Mr Teo added that by developing more attractive pathways and strengthening the professional recognition and accreditation of engineering skills and expertise, the ministry aims to attract more locals to join the profession.

He echoed Prime Minister Lee Hsien Loong’s call to make engineering more attractive as a career. Perceptions about engineering need to change, if Singapore is to follow in the footsteps of Silicon Valley, as well as attract Singaporeans based there to return home, he said, during his visit to the United States in February this year.

MOE PROMOTING INTEREST AMONG STUDENTS: ONG YE KUNG

Meanwhile, in a written Parliamentary reply to Ms Lee, Acting Minister for Education (Higher Education and Skills) Ong Ye Kung said the Ministry of Education (MOE) also has initiatives to interest students at various levels to take up engineering as a course of study.

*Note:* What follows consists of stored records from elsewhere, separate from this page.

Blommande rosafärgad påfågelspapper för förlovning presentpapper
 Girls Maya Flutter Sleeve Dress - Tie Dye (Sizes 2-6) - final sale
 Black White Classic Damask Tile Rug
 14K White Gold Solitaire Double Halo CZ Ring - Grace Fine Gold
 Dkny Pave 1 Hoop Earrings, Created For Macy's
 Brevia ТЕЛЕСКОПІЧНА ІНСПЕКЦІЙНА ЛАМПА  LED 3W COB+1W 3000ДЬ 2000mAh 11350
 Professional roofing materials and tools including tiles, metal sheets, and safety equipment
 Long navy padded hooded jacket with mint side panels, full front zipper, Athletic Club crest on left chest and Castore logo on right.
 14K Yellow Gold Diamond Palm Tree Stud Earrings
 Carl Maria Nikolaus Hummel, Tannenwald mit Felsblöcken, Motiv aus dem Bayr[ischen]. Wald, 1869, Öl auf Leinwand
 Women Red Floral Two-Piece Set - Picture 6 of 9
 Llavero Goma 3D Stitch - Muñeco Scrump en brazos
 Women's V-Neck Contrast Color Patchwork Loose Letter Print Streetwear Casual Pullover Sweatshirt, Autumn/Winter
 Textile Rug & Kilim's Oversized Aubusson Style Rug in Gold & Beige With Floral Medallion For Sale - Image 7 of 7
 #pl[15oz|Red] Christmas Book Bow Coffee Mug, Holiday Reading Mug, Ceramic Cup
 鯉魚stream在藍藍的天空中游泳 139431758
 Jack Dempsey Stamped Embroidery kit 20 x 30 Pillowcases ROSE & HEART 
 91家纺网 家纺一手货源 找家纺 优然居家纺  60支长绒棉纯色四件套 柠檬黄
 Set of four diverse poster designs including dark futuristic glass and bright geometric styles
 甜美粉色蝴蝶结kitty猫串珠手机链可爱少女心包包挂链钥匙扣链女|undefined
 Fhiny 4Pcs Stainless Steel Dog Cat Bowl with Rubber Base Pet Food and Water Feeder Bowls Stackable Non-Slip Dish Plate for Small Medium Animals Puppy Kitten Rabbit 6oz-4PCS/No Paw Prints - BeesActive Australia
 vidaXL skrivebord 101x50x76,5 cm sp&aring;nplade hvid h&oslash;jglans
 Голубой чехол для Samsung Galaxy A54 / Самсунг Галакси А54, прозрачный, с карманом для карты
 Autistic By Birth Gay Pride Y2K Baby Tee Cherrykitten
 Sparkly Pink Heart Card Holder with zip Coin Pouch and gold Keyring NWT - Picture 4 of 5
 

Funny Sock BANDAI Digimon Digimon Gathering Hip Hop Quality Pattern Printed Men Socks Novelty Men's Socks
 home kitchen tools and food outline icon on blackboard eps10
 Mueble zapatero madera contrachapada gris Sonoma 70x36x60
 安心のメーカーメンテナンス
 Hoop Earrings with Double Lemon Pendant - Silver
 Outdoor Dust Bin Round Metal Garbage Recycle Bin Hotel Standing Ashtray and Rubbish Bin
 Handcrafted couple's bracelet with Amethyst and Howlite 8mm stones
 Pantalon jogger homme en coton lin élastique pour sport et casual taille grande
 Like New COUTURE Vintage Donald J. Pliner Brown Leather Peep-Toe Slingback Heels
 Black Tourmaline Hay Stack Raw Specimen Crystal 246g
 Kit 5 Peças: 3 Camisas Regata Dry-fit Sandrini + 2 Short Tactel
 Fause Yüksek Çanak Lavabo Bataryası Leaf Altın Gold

The Applied Learning Programmes in Science, Technology, Engineering and Mathematics (STEM) is offered in more than 50 per cent of secondary schools, Mr Ong said.

This enables students to apply their knowledge and skills in authentic situations, to address real-world problems and offer opportunities to interact with engineering professionals, he added.

Polytechnics also regularly organise activities and events, such as engineering competitions and seminars, offering education and career guidance, Mr Ong said. These events raise awareness among students of the progression opportunities of a polytechnic education in engineering.

At the university level, Mr Ong said MOE has introduced more options for the study of engineering to attract a wider pool of students. These options include new degree programmes and the establishment of the Singapore University of Technology and Design, which is an “engineering- and design-centric research university”.

Mr Ong added that the ministry works closely with economic agencies to ensure the supply of engineering places in the Institute of Technical Education, polytechnics and autonomous universities is aligned with the yearly demand for manpower in the engineering industry.

For example, with greater demand for engineers in recent year, the number of full-time engineering graduates from autonomous universities has increased from 3,700 in 2012 to a projected 4,400 this year.

“With greater exposure upstream and a variety of engineering programmes, more students will be able to develop an interest in engineering and pursue it at the tertiary level,” he said.